Exercise instructions:
Reproduce exactly the lines below, from the first one through the line containing "Apartamento T4 para", and omit any pictures.

[Saved entries]
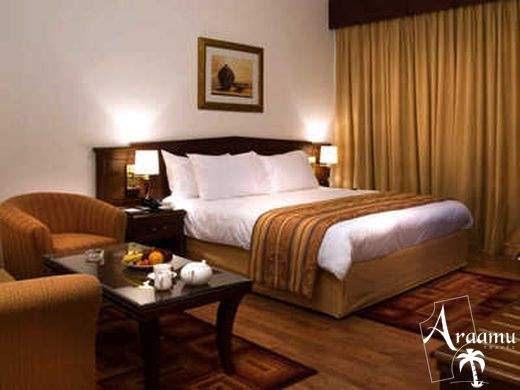 Dubai, Majestic H. Tower****+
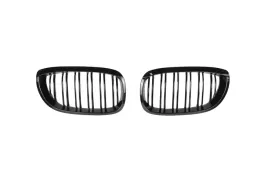 grill-bmw-3-e46-podwojne-zeberka-gloss-black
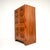 Wood Art Deco Burr Walnut Chest of Drawers, 1930s For Sale - Image 7 of 13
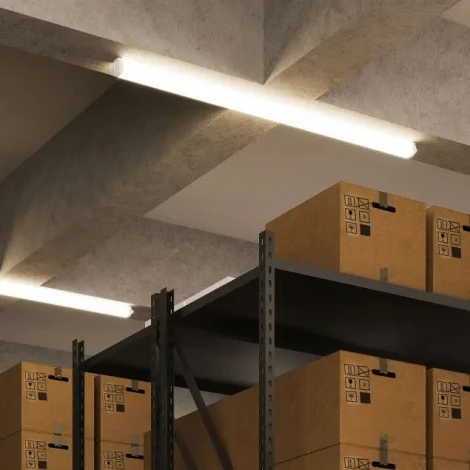 Линейный светильник Gauss 143425236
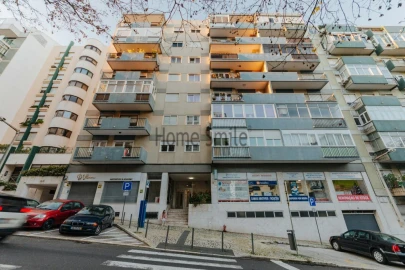Apartamento T4 para Venda em São Domingos de Benfica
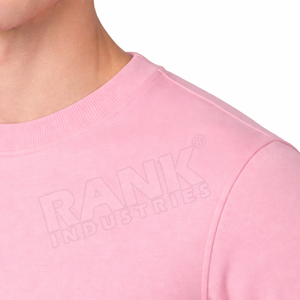 Sudaderas Personalizadas de Alta Calidad, Nuevo Diseño Básico, Sudaderas de Algodón Mezclado, Sudaderas para Hombre Más Vendidas - Product Image 6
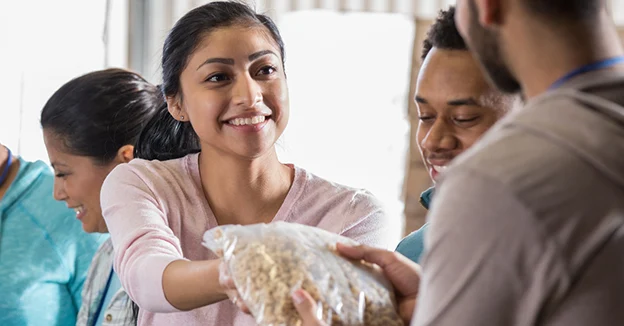 Reinforcing Community Health Across Washington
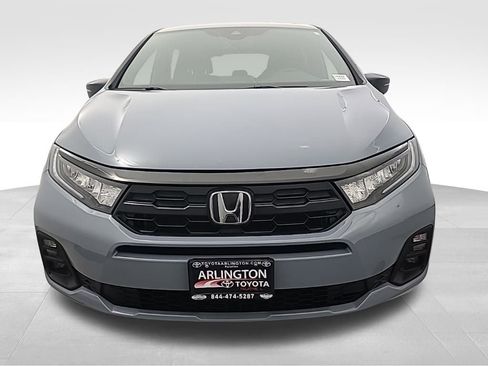 Used 2025 Honda Odyssey Sport-L image 9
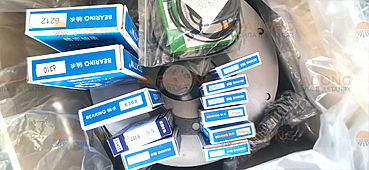 Конвертер без корпуса 500305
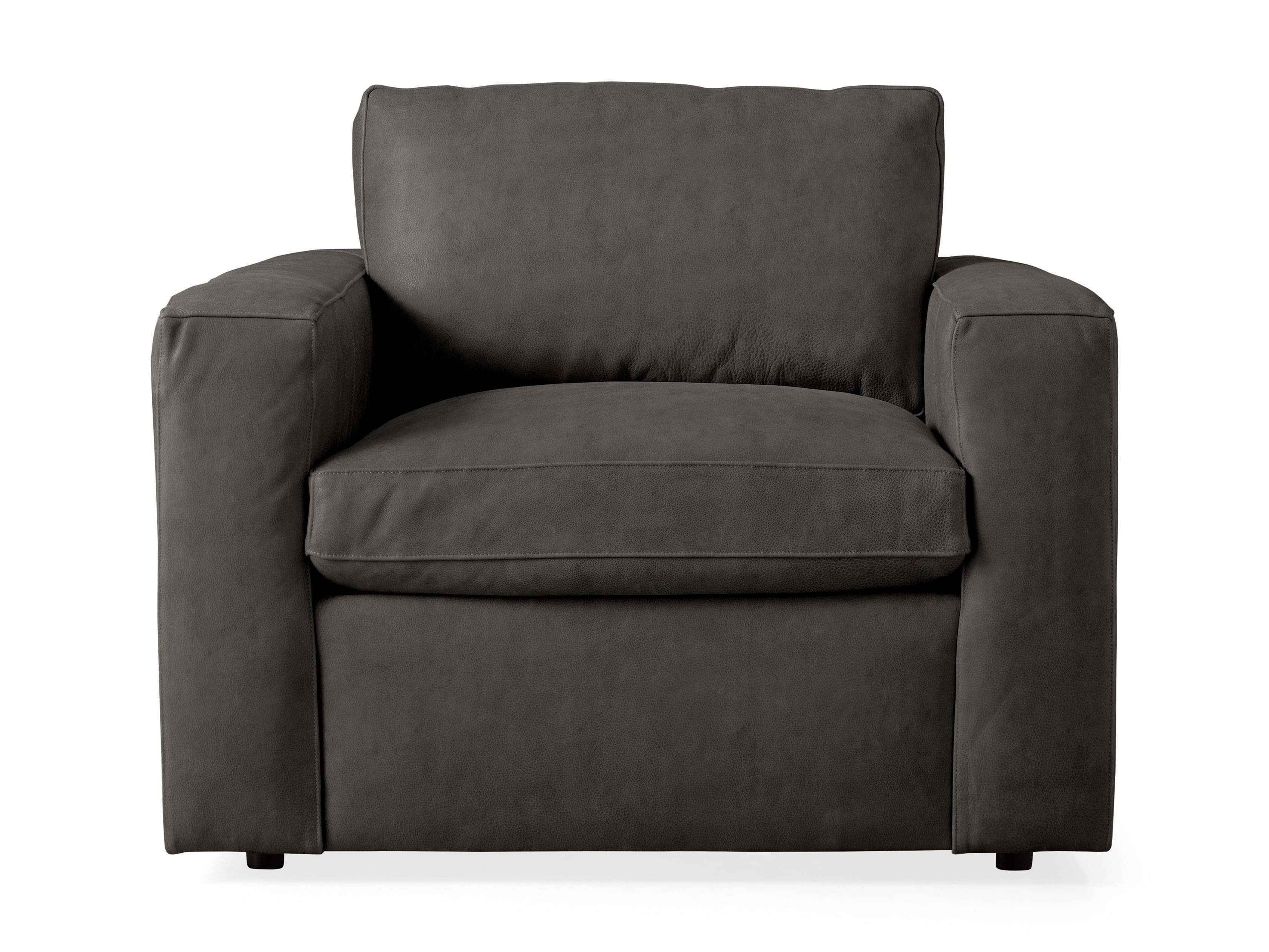 Beale Leather Chair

Written response:
 Dubai, Majestic H. Tower****+
 grill-bmw-3-e46-podwojne-zeberka-gloss-black
 Wood Art Deco Burr Walnut Chest of Drawers, 1930s For Sale - Image 7 of 13
 Линейный светильник Gauss 143425236
Apartamento T4 para Venda em São Domingos de Benfica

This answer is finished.